(About this task) In the entries below, which lines run from the one containing "2023 Buick Enclave 001" to the one containing "Used 2007 AT toyota noah ZRR70G Image[24]"? Copy exactly those lines, ends included, and no others.

(Records shown)
= = = = = = =

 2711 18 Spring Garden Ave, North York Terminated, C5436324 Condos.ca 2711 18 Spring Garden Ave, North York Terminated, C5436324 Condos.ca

= = = = = = =

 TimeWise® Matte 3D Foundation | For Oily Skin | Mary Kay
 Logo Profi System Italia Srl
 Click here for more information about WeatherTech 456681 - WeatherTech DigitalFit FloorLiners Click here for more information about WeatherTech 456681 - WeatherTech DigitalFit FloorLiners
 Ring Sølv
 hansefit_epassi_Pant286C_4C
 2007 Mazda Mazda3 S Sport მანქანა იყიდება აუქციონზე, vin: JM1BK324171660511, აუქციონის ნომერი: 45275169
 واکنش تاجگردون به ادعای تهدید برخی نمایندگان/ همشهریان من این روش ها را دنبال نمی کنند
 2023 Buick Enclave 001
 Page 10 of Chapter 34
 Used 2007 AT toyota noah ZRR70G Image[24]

= = = = = = =

(Your response)
 2023 Buick Enclave 001
 Page 10 of Chapter 34
 Used 2007 AT toyota noah ZRR70G Image[24]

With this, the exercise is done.